M. MATTHEW JOHN RYCROFT (Royaume-Uni) a dit sa « stupéfaction » devant le vote. Ce troisième veto de la Russie montre le souci de ce pays de protéger la Syrie, a-t-il déclaré, ajoutant que le vote entachait la réputation de la Russie. Il a de nouveau salué la rigueur des analyses du Mécanisme.
M. OLOF SKOOG (Suède) a voulu se montrer « bref » dans sa détresse. Il a demandé des consultations après cette séance afin d’examiner tous les moyens qui demeurent pour proroger le mandat du Mécanisme.
M. VOLODYMYR YELCHENKO (Ukraine) n’a pas trouvé de mots pour exprimer sa frustration au sujet de ce vote. Il a rappelé que son pays avait appuyé le principe du mandat du Mécanisme d’enquête conjoint. Les efforts désespérés de la Russie pour mettre fin à tout prix à ce mécanisme soulèvent des questions, a-t-il déploré, accusant Moscou de l’avoir « tué ».
M. ELBIO OSCAR ROSSELLI FRIERI (Uruguay) a expliqué avoir voté en faveur du projet, demandant que l’on surmonte la polarisation croissante du Conseil autour de cette question, et apportant son soutien à la demande de la Suède.
M. KAIRAT UMAROV (Kazakhstan) a encouragé les membres du Conseil à s’entendre, proposant ses services pour jouer les médiateurs dans ce différend.

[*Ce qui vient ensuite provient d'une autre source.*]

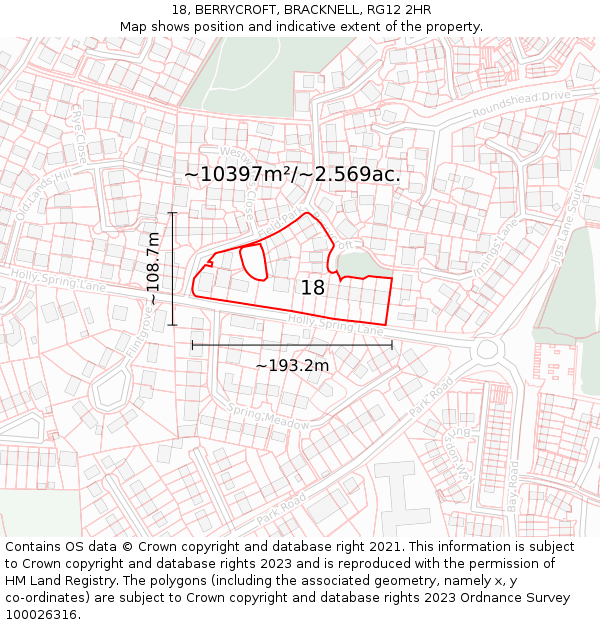 18, BERRYCROFT, BRACKNELL, RG12 2HR: Plot and title map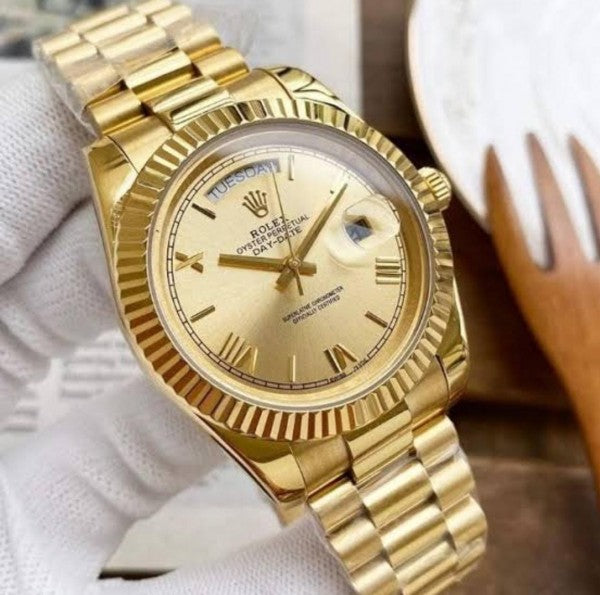 ROLE X DAY DATE GOLD GOLD  AUTOMATIC HEAVY 464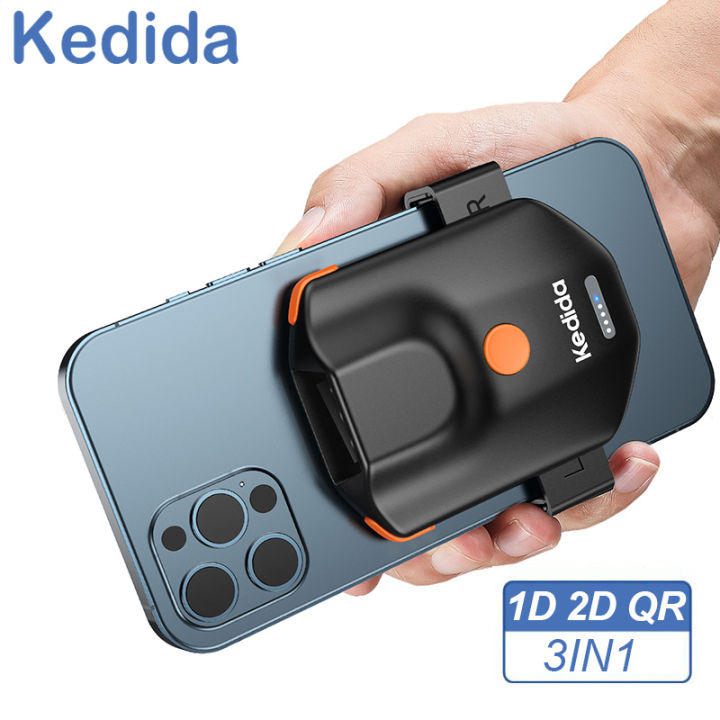 Kedida Portable 1D 2D Barcode Scanner Back Clip QR Code Reader Via ...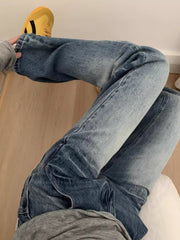 American Retro Light Blue Flared Jeans for Women High Waist Slimming Wide Leg Pants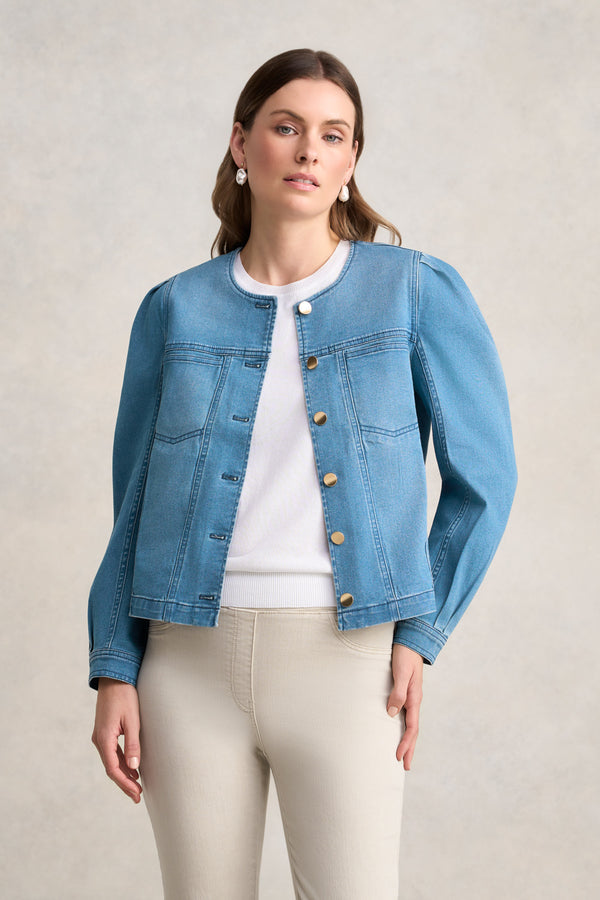 Puff Sleeve Denim Jacket- Mid Denim Blue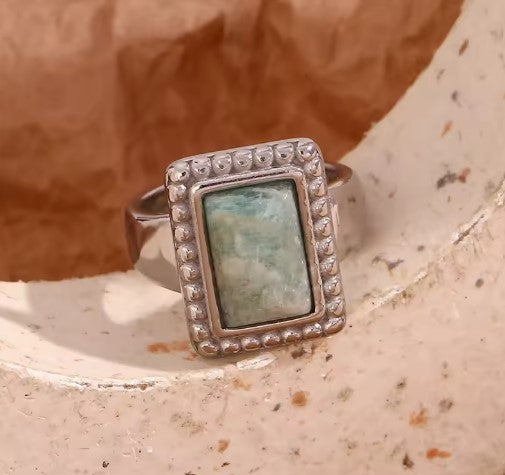 Natural Green Gemstone Ring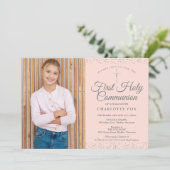 赤面ピンクスターダスト最初の聖体拝領写真 招待状 (スタンド正面)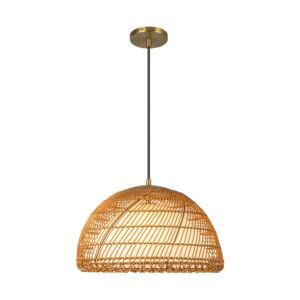 Bondi One Light Pendant in Brushed Gold Opal Glass by Alora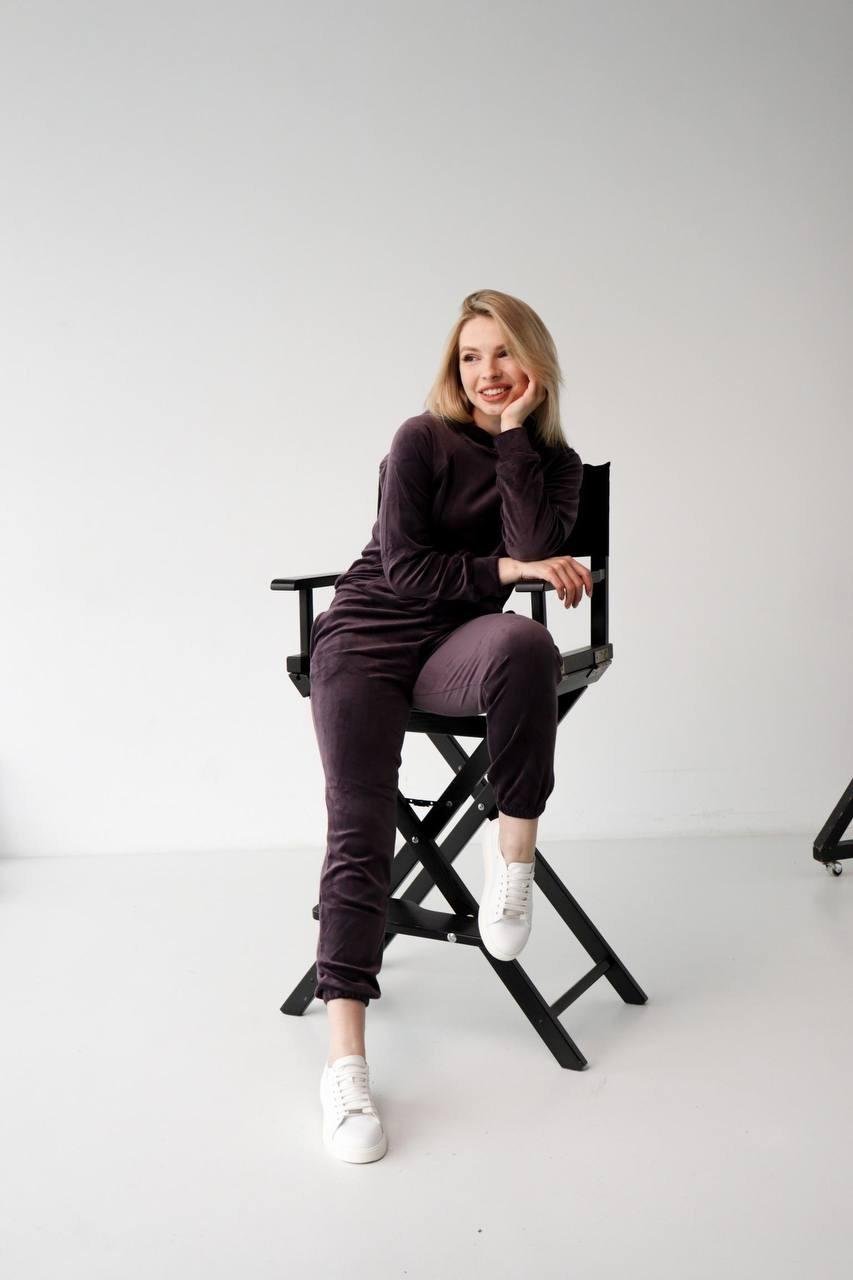 Костюм жіночий спортивний велюровий Nika кофта і штани M Темний баклажан (11079436)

M. SACHA SERGIO LLORENTTY SOLÍZ (Bolivie) a remercié le Japon de sa proposition, mais sans la participation de tous les intervenants, il était prévisible que la situation d’hier se répète. Souscrivant à la proposition de la Suède, il a considéré que le Conseil devait continuer de s’atteler à cette tâche.
M. WU HAITAO (Chine) a noté les divergences des membres du Conseil sur le Mécanisme. Au vu de ces divergences, la mise aux voix n’était pas de nature à favoriser l’unité du Conseil et l’avancement du processus politique syrien, a-t-il conclu.

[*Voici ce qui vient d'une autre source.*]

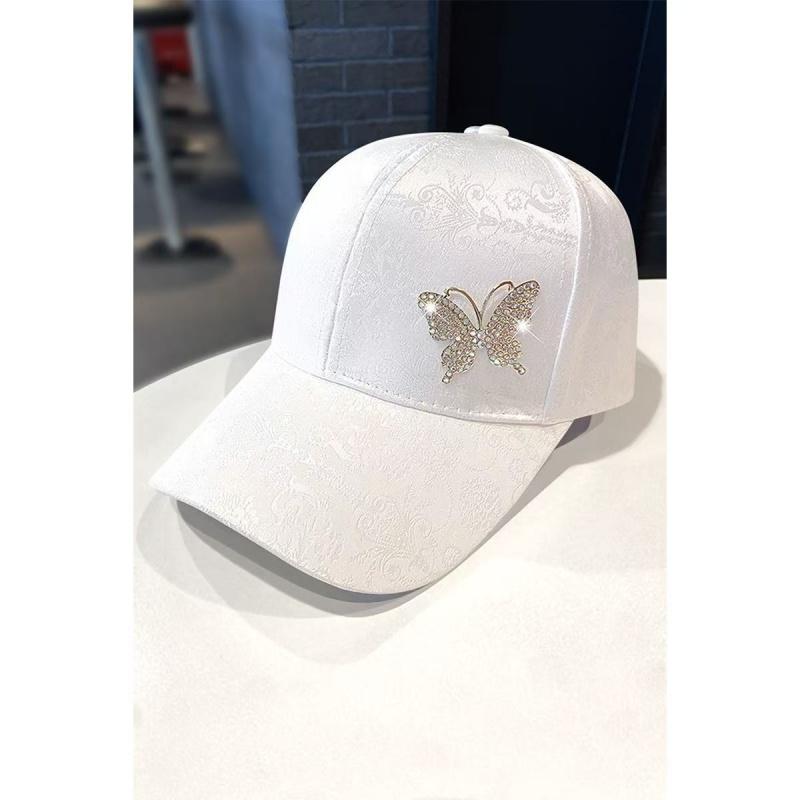 Damen Sommer Baseballkappe Schmetterling Metall Verstellbar Snapback Hut Unisex Bequeme Kopfbedeckung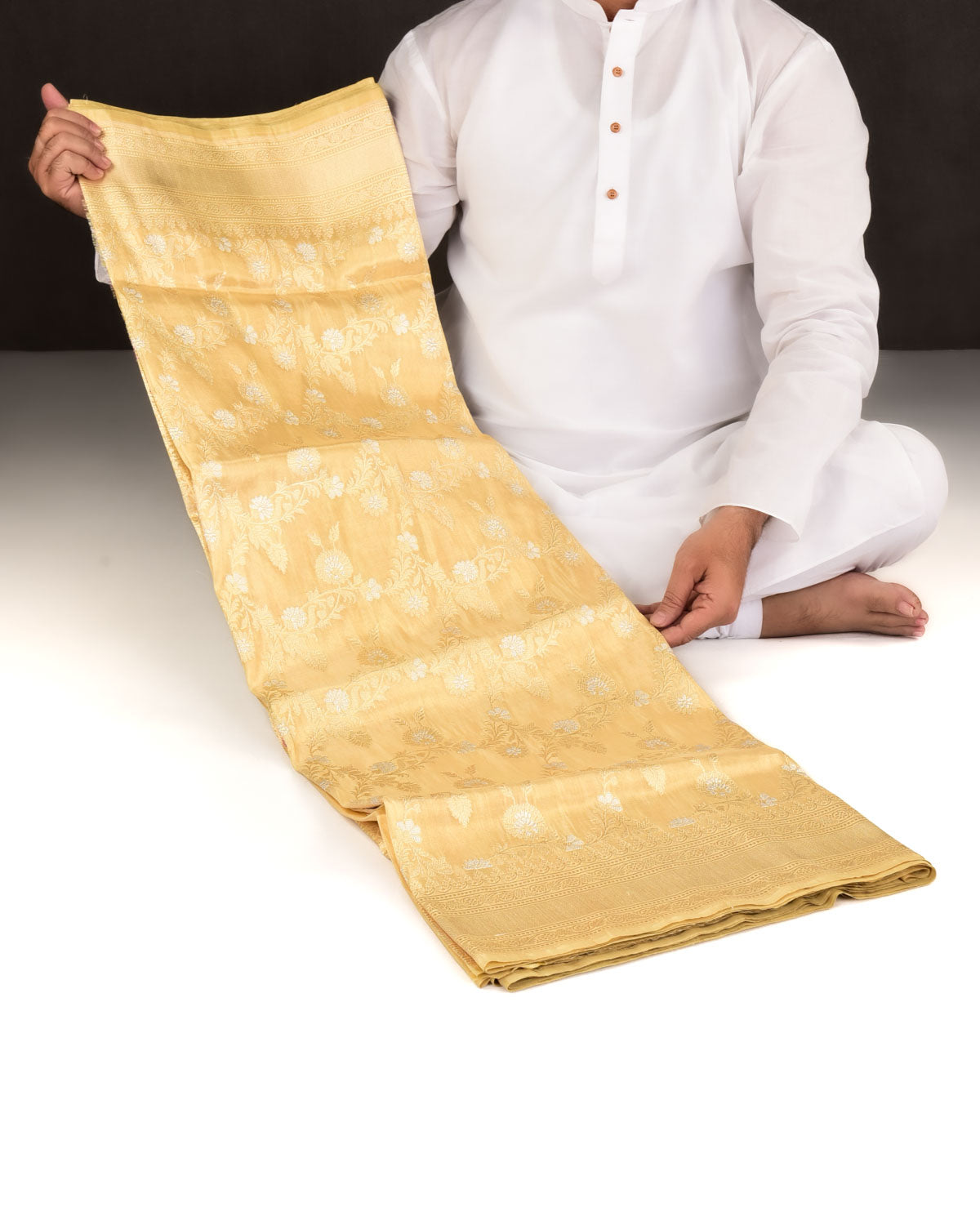 Metallic Gold Banarasi Gold & Silver Zari Jaal Kadhuan Brocade Handwoven Katan Tissue Saree-HolyWeaves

M. VASSILY A. NEBENZIA (Fédération de Russie) a indiqué avoir dit son opposition à ce texte avant la mise aux voix. Selon lui, toute prorogation du mandat du Mécanisme n’est possible que si l’on corrige ses lacunes. « La direction du Mécanisme s’est couverte de honte en validant une enquête mensongère à Khan Cheïkhoun », a-t-il insisté.
Le représentant a affirmé que le texte imposait en outre une tâche « herculéenne » au Secrétaire général dont il ne pouvait pas s’acquitter, au regard des divergences entre les États Membres. Il a rappelé la nature éminemment politique de la réunion d’hier. « La crédibilité du Conseil serait-elle sortie grandie en prorogeant le mandat d’un mécanisme qui ne fait que valider des enquêtes incriminant la Syrie? » a-t-il demandé.
La fin du Mécanisme n’est pas une menace au régime de non-prolifération, a-tranché M. Nebenzia. Il a indiqué que la menace la plus pressante était le terrorisme chimique. Il a regretté le rejet du texte bolivien qui pourtant assainissait le mandat du Mécanisme. Ce rejet est en réalité le résultat de trois vetos de membres permanents, a-t-il souligné. En conclusion, il a invité le Conseil à ne pas dramatiser la situation, ajoutant que le projet russe était toujours sur la table.
M. SEBASTIANO CARDI (Italie) a déclaré avoir voté en faveur du texte japonais, rappelant son attachement au régime de non-prolifération. Aussi s’est-il dit déçu du résultat du vote, en affirmant que tout serait mis en œuvre jusqu’à minuit pour sauver le Mécanisme d’enquête conjoint.